I have heard many people argued that there are so many laws in the Catholic Church, laws concerning the sacraments, the liturgy, the moral life etc., they want a Church where people can do whatever they feel like doing without being restricted.
Dear friends, after God created heaven and earth and the human person, He gave them a law. In the first reading of today, God gave Ten Commandments to His chosen people, commandments to guide their relationships with him and with one another, commandments to check their conduct and lifestyle.
As human persons, we all need just laws and wise principles to keep our tendencies under check, just laws do not take away our freedom but preserve them and they keep us focused, they keep us on the right track and make our lives more human, meaningful and safe.
A home where there are no formative laws is a chaotic home; this is the state of many homes today. The children can go out and come in when they want, they can do whatever they like, they can play games from morning to night, they can act without manners on the table, no principles, no wise laws, sometimes they have a parody of regulations without enforcement.
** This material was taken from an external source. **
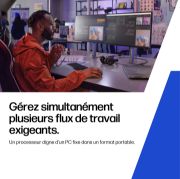 Image de HP ZBook Fury G1i 18 Wolf Pro Security Edition - Data Science Intel Core Ultra 7 255HX 45,7 cm (18") WQXGA 64 Go DDR5-SDRAM NVIDIA RTX PRO 5000 Blackwell Wi-Fi 7 (802.11be) Windo ... (C78F7ET)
Children in such homes grow up to become rebels and social misfits.
As human persons too, we need wise principles and regulations to guide our lives and our conduct, we need to set rules and live within them, rules on what and how we eat and drink, how we relate with people, boundaries we should not cross, how we dispense our resources, where we go and where we shouldn’t go, limits that we should not go beyond, laws on how we spend our time etc.
The laws and principles by which we live, reveal the depth of our wisdom and maturity, how far we can go in life and how much we can achieve, they help to keep us under check and enable us to live purposeful lives.
What are your laws? What principles guide your conduct? What are the standards and boundaries you have set for yourself and those under your charge?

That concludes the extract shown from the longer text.